Les manifestations en Iran ont éclaté durant la dernière semaine de 2025, après que la colère liée à la mauvaise situation économique se soit largement propagée. Ce qui avait commencé comme une protestation socio-économique s'est transformé en quelques jours en un soulèvement ouvert contre les dirigeants religieux du pays.
Les diplomates et hommes politiques européens ont réagi avec des propos forts face à la violence contre les manifestants. Ils ont affirmé que l'expression pacifique du mécontentement est un droit et que l'usage excessif de la violence contre les protestataires est inacceptable.
La présidente du Parlement européen, Roberta Metsola, s'est à plusieurs reprises exprimée en soutien aux manifestants. Elle a salué le « courageux peuple iranien » et déclaré que les pays de l'UE entendent leur voix.
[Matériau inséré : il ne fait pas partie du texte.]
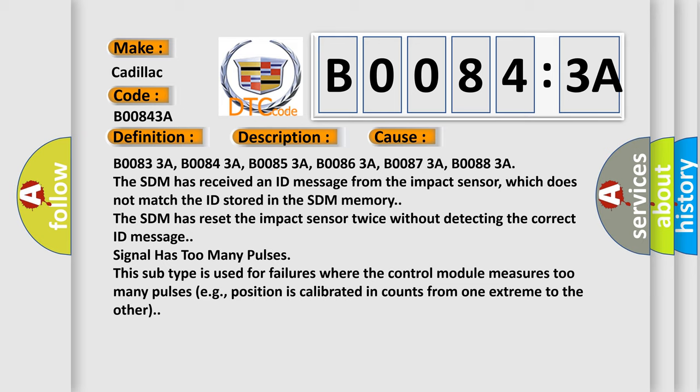B00833A, B00843A, B00853A, B00863A, B00873A, B00883A. The SDM has received an ID message from the impact sensor which does not match the ID stored in the SDM memory. The SDM has reset the impact sensor twice without detecting the correct ID message.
Selon elle, il est clair qu'il y a un changement en Iran.
Les déclarations de Metsola ont provoqué des tensions diplomatiques avec la représentation iranienne auprès de l'Union européenne. De Téhéran, son soutien aux manifestations a été considéré comme une ingérence, ce à quoi elle a publiquement défendu sa position en soulignant les libertés politiques en Europe.
D'autres politiciens européens ont également rejoint la critique. Le ministre allemand des Affaires étrangères a insisté sur le fait que la violence contre des manifestants pacifiques ne peut être justifiée et a appelé les autorités iraniennes à respecter leurs obligations internationales.
La commissaire aux affaires étrangères Kaja Kallas a déclaré que les images en provenance d'Iran indiquent une réaction disproportionnée et musclée des forces de sécurité. Elle a affirmé que toute violence contre des manifestants pacifiques est inacceptable, en la reliant à la coupure d'internet et des télécommunications.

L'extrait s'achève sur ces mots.